Psychology (PSYC) 388
Introduction to Counselling (Revision 7)
View previous syllabus
Area of Study: Social Science
Precluded Course: PSYC 488 (PSYC 388 may not be taken for credit if credit has already been obtained for PSYC 488.)
PSYC 388 has a Challenge for Credit option.
PSYC 388 is a survey course designed to increase students' awareness of the field of counselling, including its evolution, processes, theories, and specialties. This course offers a broad survey of the field of counselling, including an introduction to the foundational skills and processes involved in counselling relationships. Students will demonstrate knowledge and understanding of counselling skills and processes through quizzes and written assignments; students in this course are not expected to apply these counselling skills in a placement or field experience.
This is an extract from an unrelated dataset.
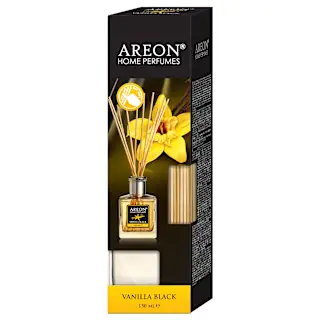Areon Home Perfumes Lux mirisni štapići Vanilla Black 150ml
Part 1: Historical and Professional Foundations of Counselling
- Unit 1: Counselling in Canada: History and Trends
- Unit 2: Personal and Professional Aspects of Counselling
- Unit 3: Ethical and Legal Aspects of Counselling
- Unit 4: Cultural Aspects of Counselling
Part 2: The Counselling Process and Assessment Interview
- Unit 5: Building Counselling Relationships
- Unit 6: Testing, Assessment, and the Diagnosis in Counselling
- Unit 7: Working in a Counselling Relationship
- Unit 8: Termination of Counselling Relationships
Part 3: Theories of Counselling
- Unit 9: Psychoanalytic and Psychodynamic Theories of Counselling
- Unit 10: Behavioural and Cognitive Theories of Counselling
- Unit 11: Humanistic Theories of Counselling
- Unit 12: Postmodern and Crisis Theories of Counselling
Part 4: Specialties in the Practice of Counselling
- Unit 13: Groups in Counselling
- Unit 14: Career Counselling Over the Life Span
- Unit 15: Marriage, Couple, and Family Counselling
- Unit 16: Counselling Children, Adolescents, and Young Adults
To receive credit for PSYC 388, you must satisfactorily complete the four online quizzes, two written assignments, and the final exam. You must achieve a minimum grade of 50 per cent on the final exam and a minimum course composite grade of “D” (50 percent) or better.
|4 Online Quizzes (5% each)||20%|
To learn more about assignments / examinations, please refer to Athabasca University's online Calendar.
Brandes, B. (Ed.) (2016). Introduction to counselling (2nd Custom edition). Toronto, ON: Athabasca University/Pearson Education Canada. Adapted from S. T. Gladding & K. G. Alderson.
All other course materials can be accessed online. The online materials include a Study Guide; Course Information Manual; Student Manual; APA 6th edition tutorial; and a Counselling, Guidance, and Psychotherapy interactive tutorial.
The Challenge for Credit process allows students to demonstrate that they have acquired a command of the general subject matter, knowledge, intellectual and/or other skills that would normally be found in a university level course.
Full information for the Challenge for Credit can be found in the Undergraduate Calendar.
Undergraduate Challenge for Credit Course Registration Form
Athabasca University reserves the right to amend course outlines occasionally and without notice. Courses offered by other delivery methods may vary from their individualized-study counterparts.
Opened in Revision 7, October 14, 2016.